Smallwood v. Ill. Cent. R.R. Co., 385 F.3d 568, 572
(5th Cir. 2004) (emphases omitted). The “heavy”
burden of showing improper joinder rests with the removing
party. Cuevas v. BAC Home Loans Servicing, LP, 648
F.3d 242, 249 (5th Cir. 2011).
The
Fifth Circuit has recognized two ways to establish improper
joinder: “(1) actual fraud in the pleading of
jurisdictional facts, or (2) inability of the plaintiff to
establish a cause of action against the non-diverse party in
state court.” Travis v. Irby, 326 F.3d 644,
647 (5th Cir. 2003). The latter inquiry centers on
“whether the defendant has demonstrated that there is
no possibility of recovery by the plaintiff against a
[non-diverse] defendant, which stated differently means that
there is no reasonable basis for the district court to
predict that the plaintiff might be able to recover against
[the] defendant.” Smallwood, 385 F.3d at 573.
In resolving this question, “[a] district court should
ordinarily ... conduct[] a Rule 12(b)(6)-type analysis.
However, in cases where the plaintiff has stated a claim, but
‘misstated or omitted discrete facts' the district
court has the discretion to pierce the pleadings and conduct
a summary inquiry.” McDonal, 408 F.3d at 183
n.6. “As a corollary, summary judgment-type evidence
may be considered in an improper-joinder analysis to the
extent the facts ‘clarify or amplify the claims
actually alleged in the petition that was controlling when
the suit was removed.'” Puente v. Tex.
Roadhouse Holdings, LLC, No. 1:13-cv-181, 2014 WL
12617817, at *4 (S.D. Tex. July 15, 2014) (quoting Griggs
v. State Farm Lloyds, 181 F.3d 694, 700 (5th Cir. 1999))
(internal alterations omitted).
The
party asserting improper joinder bears the burden at each
stage of this inquiry. See Barbee v. Scott, No.
H-10-1797, 2010 WL 3257477, at *7 (S.D. Tex. Aug. 17, 2010)
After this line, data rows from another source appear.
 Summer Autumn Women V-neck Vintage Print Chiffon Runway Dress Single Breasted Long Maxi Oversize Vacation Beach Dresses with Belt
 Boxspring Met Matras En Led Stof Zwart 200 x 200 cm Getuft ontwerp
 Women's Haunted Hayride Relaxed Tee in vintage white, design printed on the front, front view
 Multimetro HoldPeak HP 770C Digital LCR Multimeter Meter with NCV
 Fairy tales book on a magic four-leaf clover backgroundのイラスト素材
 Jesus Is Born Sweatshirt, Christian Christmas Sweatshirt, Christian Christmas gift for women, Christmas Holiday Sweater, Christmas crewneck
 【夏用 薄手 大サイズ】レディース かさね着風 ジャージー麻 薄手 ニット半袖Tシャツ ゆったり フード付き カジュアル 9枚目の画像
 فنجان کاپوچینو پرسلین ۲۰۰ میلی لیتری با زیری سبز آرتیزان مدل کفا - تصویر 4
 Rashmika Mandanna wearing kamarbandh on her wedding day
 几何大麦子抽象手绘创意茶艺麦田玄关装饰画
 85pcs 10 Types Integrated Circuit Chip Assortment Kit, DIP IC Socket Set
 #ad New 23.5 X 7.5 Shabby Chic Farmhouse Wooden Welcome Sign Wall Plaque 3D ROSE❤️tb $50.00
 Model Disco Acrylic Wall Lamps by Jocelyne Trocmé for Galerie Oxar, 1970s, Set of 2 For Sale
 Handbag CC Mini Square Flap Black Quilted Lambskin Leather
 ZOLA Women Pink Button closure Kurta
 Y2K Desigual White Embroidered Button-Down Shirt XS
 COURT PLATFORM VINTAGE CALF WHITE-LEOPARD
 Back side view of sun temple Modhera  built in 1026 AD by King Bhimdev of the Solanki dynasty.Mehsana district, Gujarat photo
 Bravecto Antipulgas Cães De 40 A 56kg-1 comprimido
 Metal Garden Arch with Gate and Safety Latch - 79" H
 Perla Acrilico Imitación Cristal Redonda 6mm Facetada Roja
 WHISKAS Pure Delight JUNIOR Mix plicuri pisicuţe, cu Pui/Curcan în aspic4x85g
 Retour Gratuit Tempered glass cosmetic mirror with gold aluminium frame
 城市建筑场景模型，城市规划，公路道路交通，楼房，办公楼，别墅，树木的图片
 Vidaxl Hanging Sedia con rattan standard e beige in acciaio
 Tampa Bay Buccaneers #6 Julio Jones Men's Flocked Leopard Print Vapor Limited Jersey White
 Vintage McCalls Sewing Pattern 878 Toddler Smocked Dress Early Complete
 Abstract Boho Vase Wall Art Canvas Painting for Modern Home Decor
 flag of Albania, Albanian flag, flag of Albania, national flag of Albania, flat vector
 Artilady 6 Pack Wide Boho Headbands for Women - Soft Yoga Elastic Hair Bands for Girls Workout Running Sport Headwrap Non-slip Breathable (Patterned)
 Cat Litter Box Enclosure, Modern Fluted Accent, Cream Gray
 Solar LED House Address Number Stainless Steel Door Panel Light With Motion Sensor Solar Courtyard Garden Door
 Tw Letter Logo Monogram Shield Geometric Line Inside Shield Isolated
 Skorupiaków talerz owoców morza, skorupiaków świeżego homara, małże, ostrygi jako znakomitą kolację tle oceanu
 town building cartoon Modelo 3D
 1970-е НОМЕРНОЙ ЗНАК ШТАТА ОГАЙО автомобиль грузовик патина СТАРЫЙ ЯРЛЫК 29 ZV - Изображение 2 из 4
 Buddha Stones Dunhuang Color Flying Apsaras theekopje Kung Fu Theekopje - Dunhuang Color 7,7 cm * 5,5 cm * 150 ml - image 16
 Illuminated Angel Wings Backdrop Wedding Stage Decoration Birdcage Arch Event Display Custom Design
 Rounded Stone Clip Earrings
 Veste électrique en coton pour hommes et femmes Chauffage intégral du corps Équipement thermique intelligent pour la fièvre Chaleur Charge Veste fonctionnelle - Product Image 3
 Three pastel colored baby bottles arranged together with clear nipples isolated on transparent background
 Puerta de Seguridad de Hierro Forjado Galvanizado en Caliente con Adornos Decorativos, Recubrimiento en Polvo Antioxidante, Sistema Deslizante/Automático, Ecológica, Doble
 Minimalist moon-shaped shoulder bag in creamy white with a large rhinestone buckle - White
(“The court concludes, therefore, that under a Rule
12(b)(6)-type analysis the defendants have failed to meet
their burden of establishing improper joinder.”);
see also Veritas Consulting Grp. Inc. v. Gasbuddy Org.,
Inc., No. C-10-147, 2010 WL 2598386, at *3 n.3 (S.D.
Tex. June 24, 2010) (“[E]ven if this Court were to
pierce the pleadings and consider the summary judgment type
evidence, removing Defendants have not met their burden of
proving improper joinder.”).
In the
present case, no party has presented summary judgment type
evidence regarding the claims against the Agent Defendants.
Accordingly, on this record, the Court finds no justification
to pierce the pleadings and conduct a summary
inquiry.[7] The Court will therefore analyze
Burchfield's complaint under the lenient 12(b)(6)
framework.[8] See Smallwood, 385 F.3d at 573
(“decision regarding the procedure necessary …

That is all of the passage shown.